The method presented in this paper is easy to implement in standard software. One limitation is that it is based on analytical solutions of the system of differential equations. However, looking at the applied papers on HCV infection, the authors used most often the same model with the same assumptions leading to the same analytical solution. Using hierarchical models taking into account left-censoring should improve the validity of estimation and may help in case of convergence difficulty when using individual data [
9]. More complex mathematical models have been proposed to fit additional markers such as liver enzymes level [
28] or pharmacokinetics data [
29]. In this case, more general approaches based directly on numerical solution of the differential equations should be used [
13,
15]. Another limitation of the proposed methods is the assumption of log-normal distribution of viral load measures. In our experience, it is most often a reasonable assumption in the case of circulating HIV virus and this could be checked from residuals [
20,
30]. However, if this assumption is not tenable, extensions based on mixture distributions (log-normal and binary) can be used and are also easily implementable in software [
21].
Appendix
Example of code using NLMIXED to fit the model presented in the methods section taking into account left censoring.
proc nlmixed data = roco2 OPTCHECK;/* option for checking convergence at the optimum */
/* declare the model parameters to estimate */
parms beta0 = 10 beta1 = -1.0 beta2 = 1 beta3 = 0.8 s2b0 = 1 s2b3 = 0.1 s2 = 0.1;
/* declare constraints for variance parameters */
bounds s2,s2b0,s2b3 > 0;
pi = 2*arsin(1);
/* model definition */
V0 = exp(beta0+b0);
d = exp(beta1);
c = exp(beta2);
e = beta3+b3;
t0 = 0.25;/* 6 hours */
th = sqrt((c-d)*(c-d)+4*(1-e)*c*d);
l1 = 0.5*(c+d+th);
l2 = 0.5*(c+d-th);
if tps le t0 then pred = V0;
if tps gt t0 then
pred = 0.5*V0*((1-(c+d-2*e*c)/th) * exp(-l1*((tps-t0)))+
(1+(c+d-2*e*c)/th) * exp(-l2*((tps-t0))));
logpred = log10(pred);
/* likelihood contribution according to the observed/censored status */
* observed ;
if detec = 1 then ll = (1/(sqrt(2*pi*s2)))
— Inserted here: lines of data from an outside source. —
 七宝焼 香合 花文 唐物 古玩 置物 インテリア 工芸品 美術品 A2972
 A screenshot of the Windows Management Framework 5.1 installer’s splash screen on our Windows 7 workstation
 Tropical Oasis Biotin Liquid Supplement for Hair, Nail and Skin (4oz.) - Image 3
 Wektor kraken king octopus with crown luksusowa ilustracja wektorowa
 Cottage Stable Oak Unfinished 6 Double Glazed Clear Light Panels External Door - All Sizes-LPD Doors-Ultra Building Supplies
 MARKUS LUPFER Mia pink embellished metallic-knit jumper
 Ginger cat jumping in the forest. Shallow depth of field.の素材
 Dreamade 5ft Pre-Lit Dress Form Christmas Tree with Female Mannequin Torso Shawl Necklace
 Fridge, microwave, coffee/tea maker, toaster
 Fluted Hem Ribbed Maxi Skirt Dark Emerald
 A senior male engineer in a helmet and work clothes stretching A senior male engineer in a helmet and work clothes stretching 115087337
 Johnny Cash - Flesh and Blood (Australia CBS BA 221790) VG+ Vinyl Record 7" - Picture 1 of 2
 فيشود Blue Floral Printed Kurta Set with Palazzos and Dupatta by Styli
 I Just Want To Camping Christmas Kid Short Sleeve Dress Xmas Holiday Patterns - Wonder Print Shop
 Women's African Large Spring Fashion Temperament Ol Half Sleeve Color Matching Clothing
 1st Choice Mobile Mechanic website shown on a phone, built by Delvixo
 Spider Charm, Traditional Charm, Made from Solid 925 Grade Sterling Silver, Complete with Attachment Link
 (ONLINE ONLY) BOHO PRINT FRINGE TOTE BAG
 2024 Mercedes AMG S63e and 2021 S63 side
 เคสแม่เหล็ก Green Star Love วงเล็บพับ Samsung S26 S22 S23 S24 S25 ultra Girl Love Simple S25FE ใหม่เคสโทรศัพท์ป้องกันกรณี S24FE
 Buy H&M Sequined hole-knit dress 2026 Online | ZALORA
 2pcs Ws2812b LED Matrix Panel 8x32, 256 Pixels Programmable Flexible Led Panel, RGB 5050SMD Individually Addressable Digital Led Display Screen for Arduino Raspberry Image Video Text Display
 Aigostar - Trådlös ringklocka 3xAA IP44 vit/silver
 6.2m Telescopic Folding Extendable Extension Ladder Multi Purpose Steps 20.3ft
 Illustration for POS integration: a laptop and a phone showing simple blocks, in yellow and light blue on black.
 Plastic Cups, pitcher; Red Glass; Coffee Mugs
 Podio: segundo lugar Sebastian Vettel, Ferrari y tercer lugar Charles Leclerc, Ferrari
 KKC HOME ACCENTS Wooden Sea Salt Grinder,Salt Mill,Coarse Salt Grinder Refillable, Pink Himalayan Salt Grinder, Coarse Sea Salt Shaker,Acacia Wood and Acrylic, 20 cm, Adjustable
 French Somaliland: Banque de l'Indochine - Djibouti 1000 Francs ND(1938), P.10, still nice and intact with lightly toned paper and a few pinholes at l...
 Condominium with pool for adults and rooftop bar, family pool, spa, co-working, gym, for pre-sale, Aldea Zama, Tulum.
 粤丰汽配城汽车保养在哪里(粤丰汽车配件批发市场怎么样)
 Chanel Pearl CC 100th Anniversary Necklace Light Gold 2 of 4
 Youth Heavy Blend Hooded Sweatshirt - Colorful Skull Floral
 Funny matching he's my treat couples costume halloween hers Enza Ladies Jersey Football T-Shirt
*exp(-(logCV-logpred)**2/(2*s2));
* censored ;
if detec = 0 then ll = probnorm((logCV-logpred)/sqrt(s2));
L = log(ll);
model logCV ~ general(L);
/* definition of the random effects */
random b0 b3 ~ normal([0,0], [s2b0,0,s2b3]) subject = id;
Example of code used for simulating data from dynamical model
%do sim = 1 %to &S;
%do id = 1 %to &N;
Data_null_;
logCV0 = 6.16+0.70*rannor(-1);
CV0 = 10**(logCV0);call symput('CV0',CV0);
kmax = 1.39+1.64*rannor(-1);
e = exp(kmax)/(1+exp(kmax));call symput('e',e);
run;
Data sim; do time = 0 to 672 by 1;output;end; run;
Proc model data = sim;
dependent T I CV ;
parm b 0.00000003 d 0.0167 e &e p 4.16 c 0.0833;
if time = 0 then do;
CV = &CV0;
T = (c*d)/(p*b);
I = (c*CV)/p;
end;
if time ne 0 then do;
dert.T = 0;
dert.I = b*CV*T-d*I;
dert.CV = (1-e)*p*I-c*CV;
end;
solve T I CV/dynamic out = simul;
run ; quit;
Data pat;set simul;tps = time/24;id = &id;CV0 = &CV0;e = &e;
if round(time) in (0,6,12,24,48,96,168,336,504,672);run;
%if &id = 1 %then %do;
Data file; set pat;error = 0.2*rannor(-1);if CV gt 0 then logCV = log10(CV)+error;run;
%end;
%else %do;
Data file; set file pat;error = 0.2*rannor(-1);if CV gt 0 then logCV = log10(CV)+error;run;
%end;
/* truncation */
Data file; set file;
if logCV lt 2.778 then do;
logCV = 2.778;detec = 0;end;
else detec = 1;
run;
ods exclude none;
%end;/* end of patients */
Competing interests
The trial was supported by a grant from Roche Laboratories.
Authors' contributions
RT carried out the simulations and drafted the manuscript. JG participated to the work of estimation (with RT). JG, HJG and DC participated in the statistical analysis and helped to draft the manuscript. GC, DN and PT performed the clinical trial and helped to draft the manuscript. All authors read and approved the final manuscript.